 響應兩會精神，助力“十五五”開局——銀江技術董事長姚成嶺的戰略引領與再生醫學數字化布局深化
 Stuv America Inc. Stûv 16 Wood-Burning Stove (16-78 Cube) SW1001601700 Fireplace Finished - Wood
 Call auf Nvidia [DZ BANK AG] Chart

---

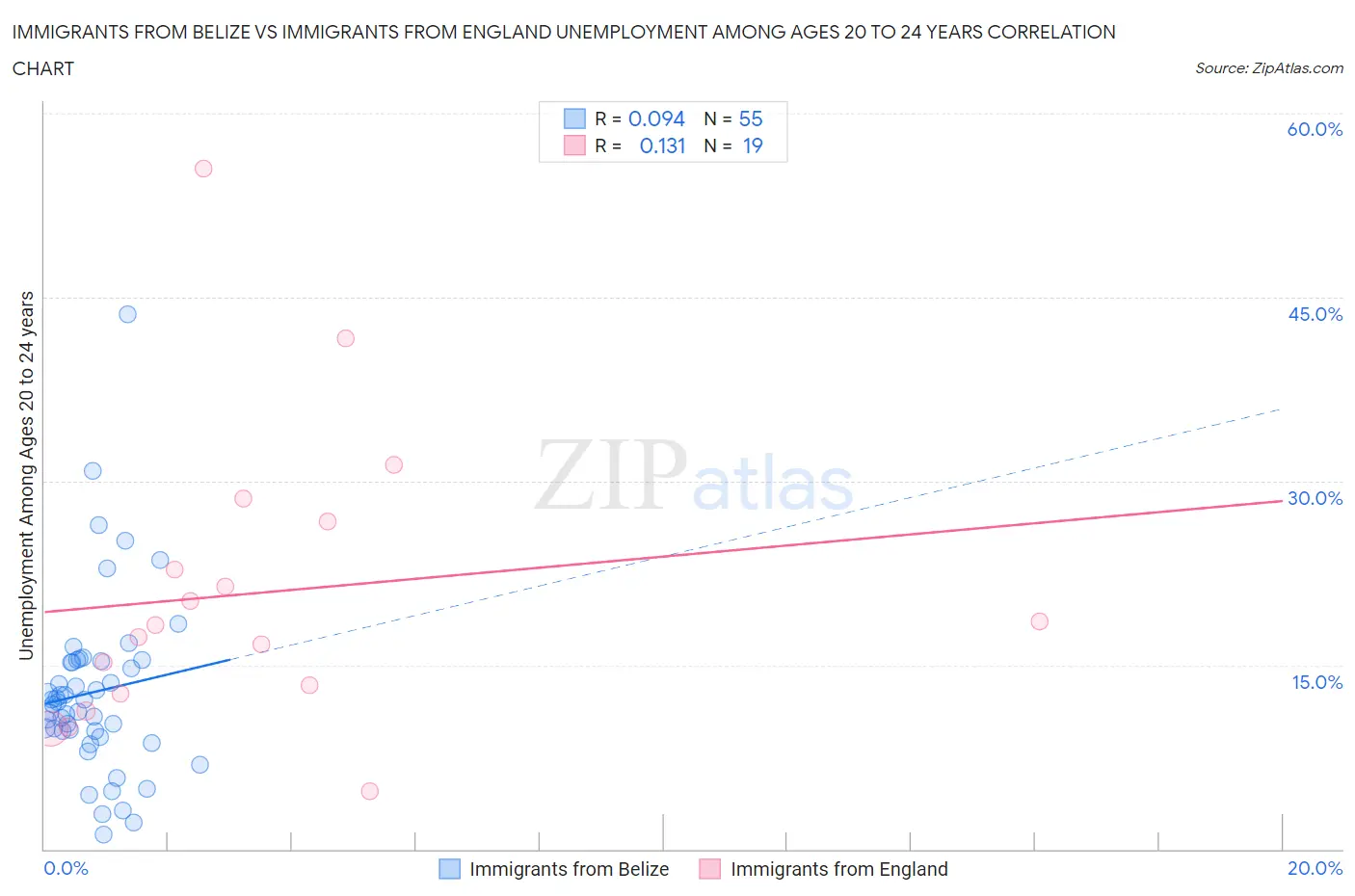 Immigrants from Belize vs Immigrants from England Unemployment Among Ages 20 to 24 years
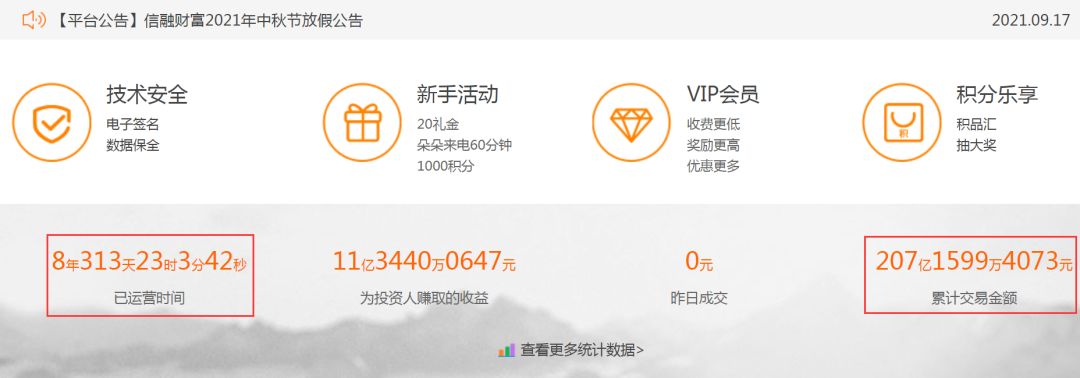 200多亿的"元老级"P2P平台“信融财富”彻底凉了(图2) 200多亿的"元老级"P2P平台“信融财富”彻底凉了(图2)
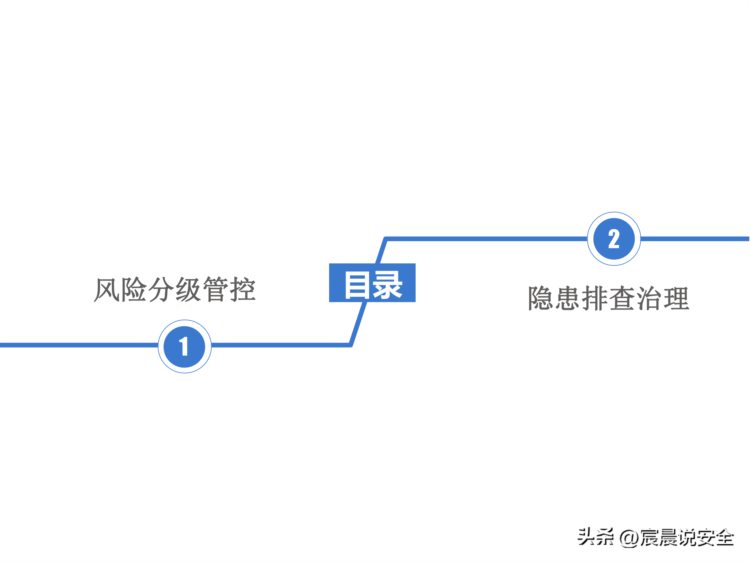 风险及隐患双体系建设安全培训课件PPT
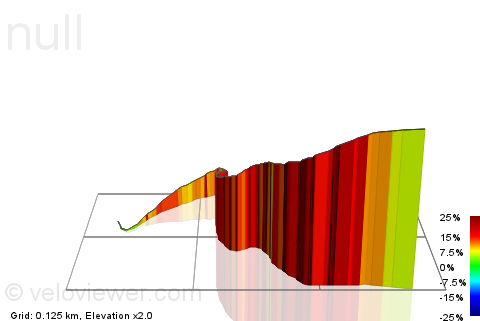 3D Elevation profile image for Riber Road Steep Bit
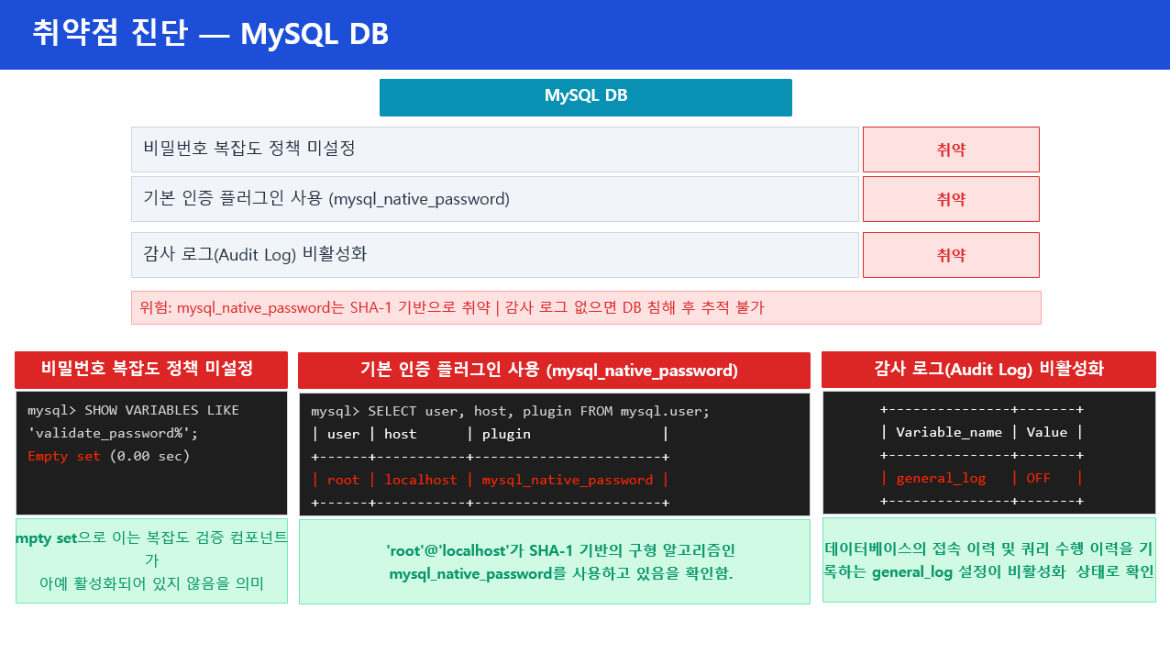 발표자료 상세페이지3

* * *

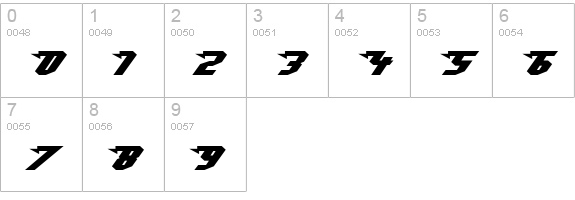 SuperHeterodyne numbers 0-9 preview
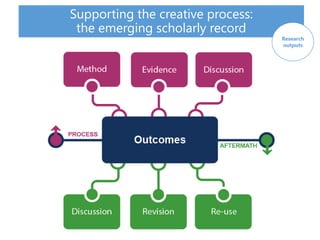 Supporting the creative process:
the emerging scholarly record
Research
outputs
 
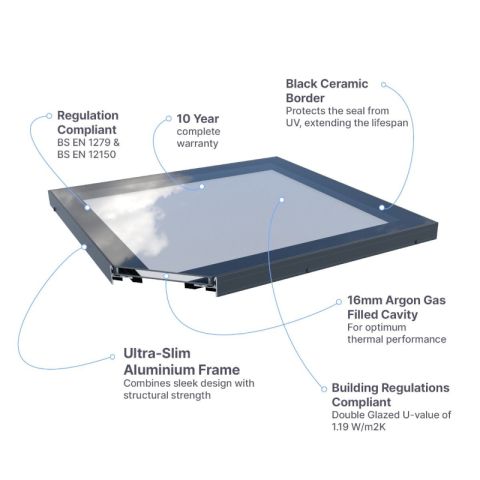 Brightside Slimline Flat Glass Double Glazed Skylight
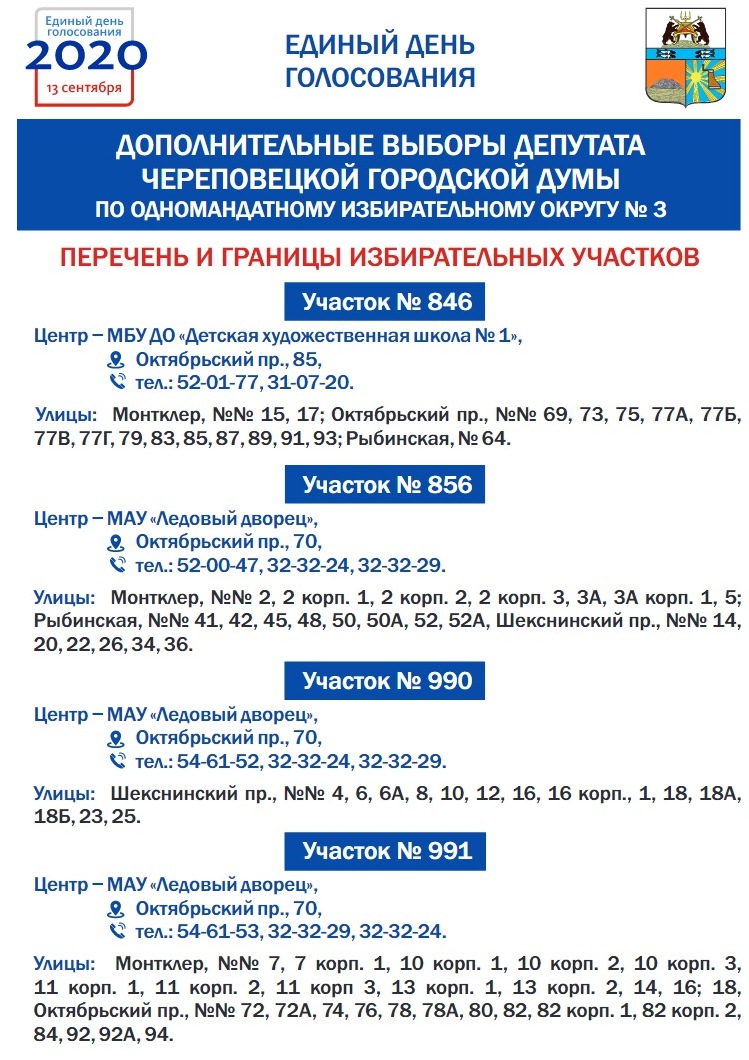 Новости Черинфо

- _ACTIVITY_: Nothing but the lines from the one with "Supporting the creative" up to and including the one with "Новости Черинфо" should be printed, exactly as they read above. Please keep the pictures out.

- _ANSWER TO THIS TASK_:
 Supporting the creative process:
the emerging scholarly record
Research
outputs
 
 Brightside Slimline Flat Glass Double Glazed Skylight
 Новости Черинфо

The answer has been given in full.